Il enfonça la tête dans le coussin et sanglota silencieusement. La solitude et la douleur s'abattirent de nouveau sur lui. Ça faisait déjà deux mois et demi que Marc était mort, mais il lui était impossible de l'oublier. Il se demandait comment il faisait pour survivre. Parfois, son cerveau lui rappelait avec sadisme la mort de son petit ami mais aussi le coupable de cette dernière. Et cela éveillait avec vigueur son désir de vengeance inassouvi. Il avait essayé d'y résister, au début, il avait vraiment essayé. Mais maintenant, il s'en foutait royalement. Pire, il lui arrivait de passer des soirées à imaginer ce qu'il lui ferait subir. Il savait que sans le sacrifice de Marc, personne n'aurait survécu ce jour-là, il ne pouvait s'empêcher de détester celui qui lui avait tiré dessus aussi froidement, sans même faire l'effort de lui laisser une petite chance de survie. Ses larmes se tarirent à mesure que la rage l'envahissait. Pourquoi ? Pourquoi ce connard était-il encore en vie et pas Marc ? Il étouffa un hurlement dans son oreiller. Il aurait voulu mourir aussi. C'était trop dur de supporter tout ça.

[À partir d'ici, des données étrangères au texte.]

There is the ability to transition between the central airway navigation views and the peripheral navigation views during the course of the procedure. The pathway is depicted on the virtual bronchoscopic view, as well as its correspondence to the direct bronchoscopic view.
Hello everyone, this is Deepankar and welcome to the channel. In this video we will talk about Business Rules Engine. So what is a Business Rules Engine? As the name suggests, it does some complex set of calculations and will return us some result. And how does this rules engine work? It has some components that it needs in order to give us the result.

Après de longues heures à pleurer et crier dans son lit, il finit par se lever. Constatant qu'il était plus de midi, il alla manger rapidement ce qu'il restait dans son frigo, même si l'envie de s'alimenter lui manquait. Il se demandait même pourquoi il le faisait. Alors qu'il grignotait du bout des lèvres un morceau de pain en observant les photos de son défunt soumis sur sa table basse, son téléphone sonna. Il soupira. Il savait qui l'appelait, il n'y avait que lui qui le faisait désormais. Il décrocha presque à contre-cœur et demanda de sa voix brisée à la fois par les sanglots, les cigarettes et son mutisme :

— Pourquoi tu appelles ? Je vais bien, tu sais ?

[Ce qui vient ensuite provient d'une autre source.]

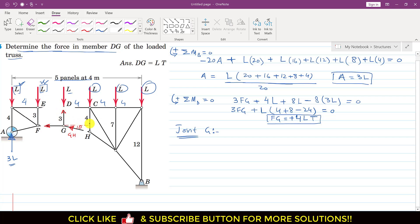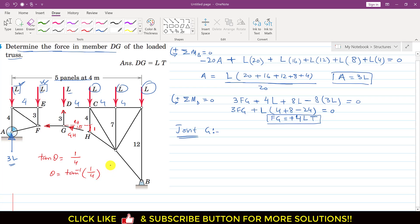To find angle theta: the DG length is 3, so the vertical offset is 3, and the total vertical distance is 4, leaving 4 minus 3 equals 1. The horizontal base of the triangle is 4. Therefore tan(θ) = 1/4, giving θ = tan⁻¹(1/4) = 14.04 degrees.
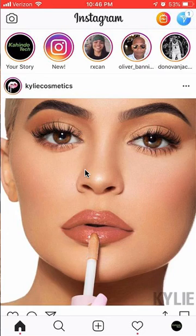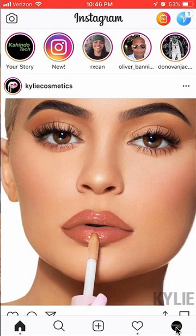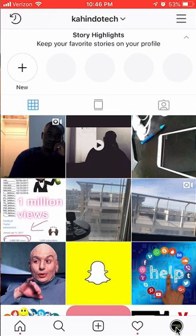First, open up the Instagram app. Once you're on your Instagram app, look at the bottom right-hand corner. Do you see this icon over here? You want to tap on that, and that will take you to your profile page.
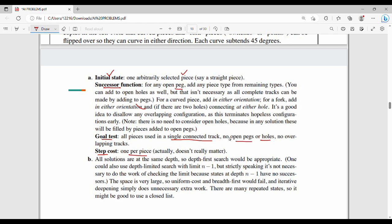If there is an additional cost function, it is based on the number of open edges. For the second question regarding which uninformed search algorithm to use, we can use BFS, Depth Limited Search, or DFS. In this case, a set of pieces is standard.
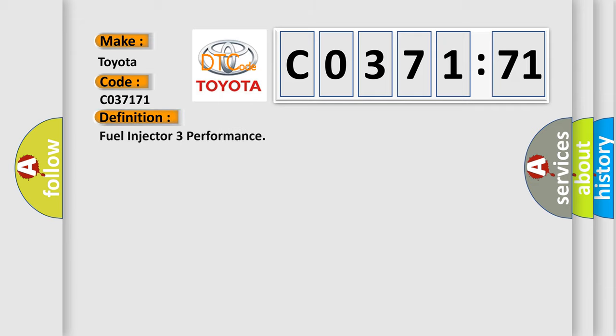The basic definition is: fuel injector 3 performance.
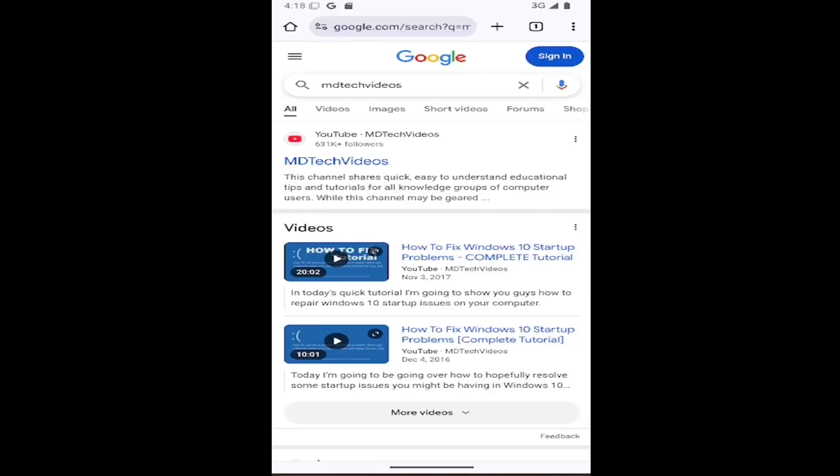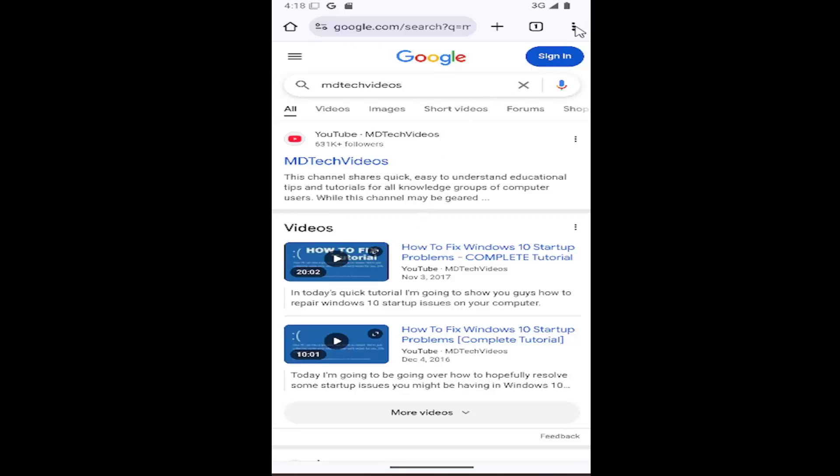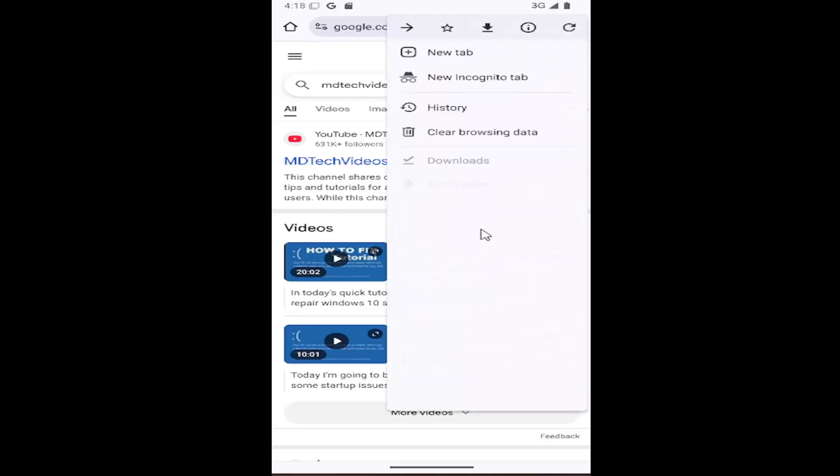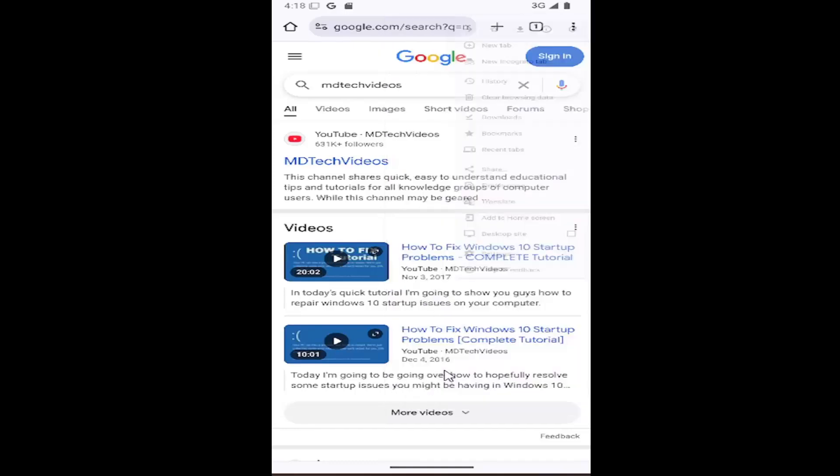Without further ado, let's go ahead and jump right into it. Select the three dotted icon in the top right corner of the Chrome browser, and then go down and select Settings.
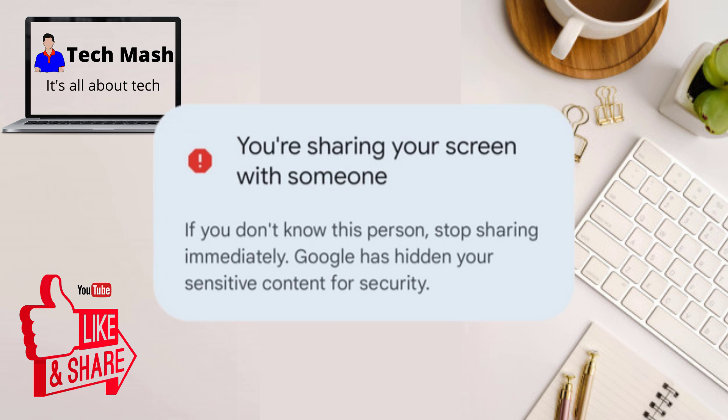Maybe you have installed a game from a third-party website or third-party source that you don't even know about, and this app has access to your screen. Whatever you are typing, this app can access it — maybe you are typing your password, sending a message to a friend, or watching your images or videos. This app has access to your screen.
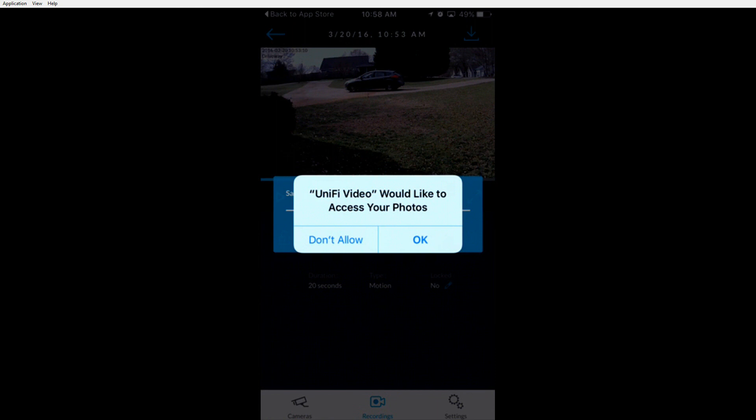This concludes the video of using the Ubiquiti NVR app. If you have any questions, please leave them in the comments below. Also, thanks for watching.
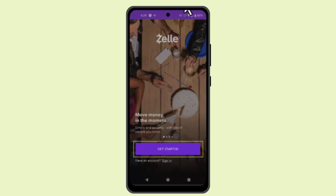How to enroll or set up the Zill app. Hi everyone, in this video I'm going to show you the ways to set up or enroll the Zill app. You have to go ahead and make sure to install the application from your Play Store or respective App Store, and then go ahead and click the Get Started button.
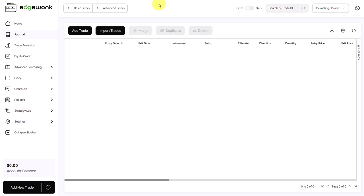Now let's talk about entering our first trades into Edgewonk. As I mentioned in the previous video, you can choose between entering your trade manually or bulk importing your trades.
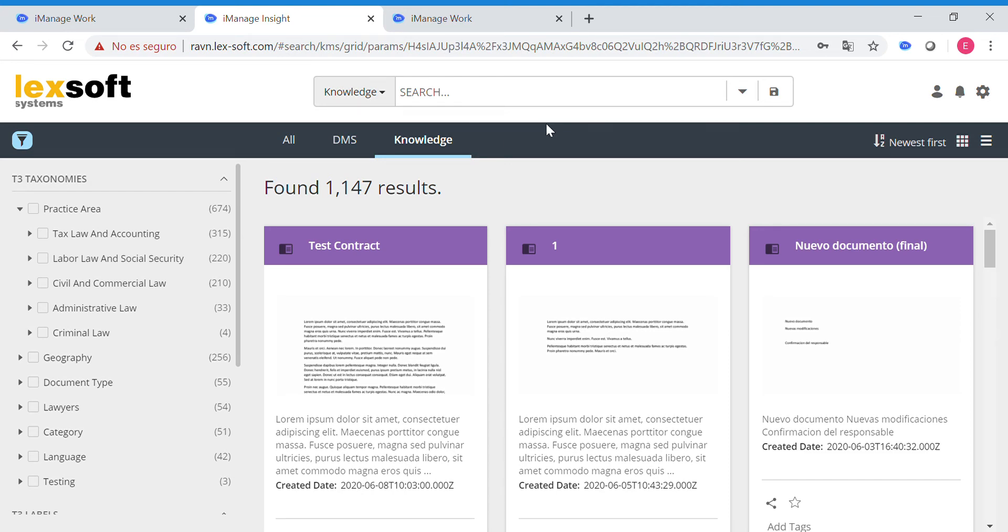Hi everyone, now we are going to see how a lawyer can find a document using T3 integrated with Imanetraven.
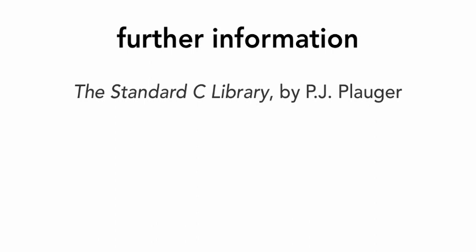The standard C library is very large, much more than could be covered in this course. For our purposes, we'll be covering those functions that are most commonly used for general-purpose programming. There are many good references available that cover most or all of the library. The standard C library by PJ Plauger is considered the definitive resource for the library. You'll find links to this and other resources on my website at cpp.bw.org.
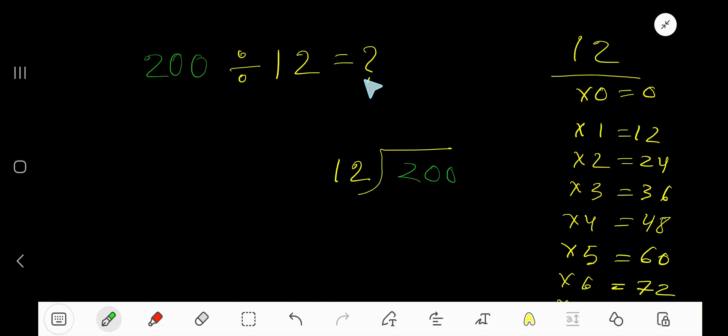200 divided by 12 equals what? Here, 12 is the divisor and 200 is the dividend.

Tu as besoin de quelque chose ? Je suis pas loin de chez toi, je peux...

— Je n'ai besoin de rien, Alexei, merci, le coupa-t-il en retenant un nouveau soupir.

Tu es sûr ? Je peux aller te faire des courses si tu veux ?

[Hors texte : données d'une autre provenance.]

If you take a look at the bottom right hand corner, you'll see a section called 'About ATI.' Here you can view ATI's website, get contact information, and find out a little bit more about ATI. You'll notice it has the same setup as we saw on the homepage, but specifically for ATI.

— Oui, belle blonde, arrête un peu de t'en faire pour moi, fit-il semblant de rigoler pour détourner son attention, comment ça va, toi ?

Ça va ! On vient de finir le magazine du mois avec Christian, tu veux que je te l'envoie ?

— Euh... ouais. Ouais, pourquoi pas...

Ok ! En fait, tu veux venir au club ce soir ? Christian dit que tu es toujours le bienvenu même si tu as rendu ta carte de membre.

Aiden soupira légèrement et répondit à son ami qu'il réfléchirait à la proposition, tout en sachant que sa décision était déjà prise, avant de raccrocher. C'était simplement pour ne pas plus l'inquiéter. Il ne voulait pas aller au club, il risquait de croiser Jean. Ce connard... Rien que de penser à lui, il avait envie de... Son poing partit de lui-même s'écraser sur sa table basse, lui arrachant un cri de douleur. Puis, il se remit à fixer les photos, les larmes aux yeux.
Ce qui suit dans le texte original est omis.